Di Georges Simenon, morto nel 1989, tutti ricorderanno la felice invenzione del commissario Maigret, eppure basta chiedere agli assidui frequentatori di circoli letterari, per scoprire che le più affascinanti pagine di letteratura lo scrittore belga le ha ideate nei suoi “romanzi-romanzi”, cioè nella sua produzione che esula dalla serie poliziesca. Ambientazioni esotiche, approfondimenti psicologici e un interesse crescente per un certo tipo di borghesia corrotta, sono i tratti distintivi di una narrazione che rivela una profondità di analisi fuori dal comune.
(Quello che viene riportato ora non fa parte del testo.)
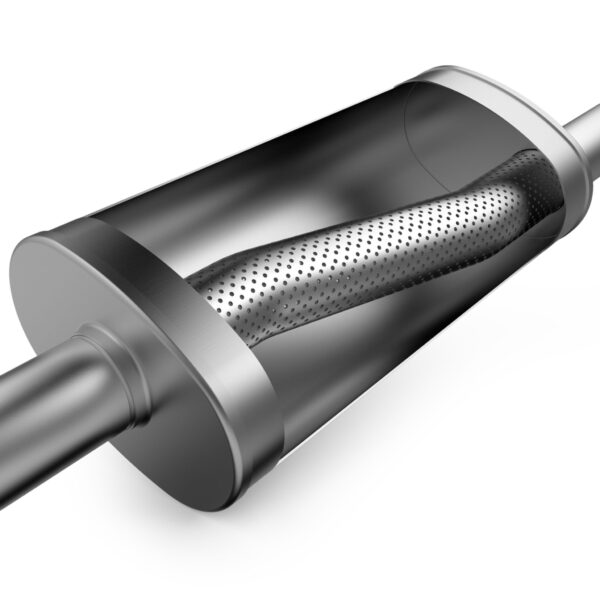 MagnaFlow 4 X 9in. Oval Straight-Through Performance Exhaust Muffler 11255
Questo romanzo, I clienti di Avrenos, ne è un fulgido esempio Una città, Istanbul, ancora avvolta, all’inizio degli anni Trenta, da un’aura di eccitante depravazione. Una giovane donna, Nouchi, candidamente perversa, seraficamente crudele, e capace di sedurre chiunque senza mai concedersi a nessuno. Un uomo non più giovanissimo, distinto ma squattrinato, che si è lasciato irretire, una sera, nel night-club dove Nouchi lavorava come entraîneuse, e che lei manovra a suo piacimento. Un gruppo di sfaccendati-artisti, giornalisti, uomini d’affari, nobili decaduti, viveur di mezza tacca -, che si ritrovano nel ristorante di Avrenos e passano le notti a bere raki e a fumare hashish, e che di Nouchi sono tutti più o meno innamorati.
I clienti di Avrenos è un capolavoro soprattutto perché di personaggi femminili sconcertanti come Nouchi non se ne incontrano molti nei romanzi di Simenon – e non solo. Non ha ancora diciott’anni, non è particolarmente bella, ha una faccia irregolare e “due occhi penetranti come punte di spillo”; ed è ben decisa a non conoscere mai più la miseria e la fame che hanno segnato la sua infanzia viennese. A questo scopo giocherà tutte le sue carte – anche le più rischiose.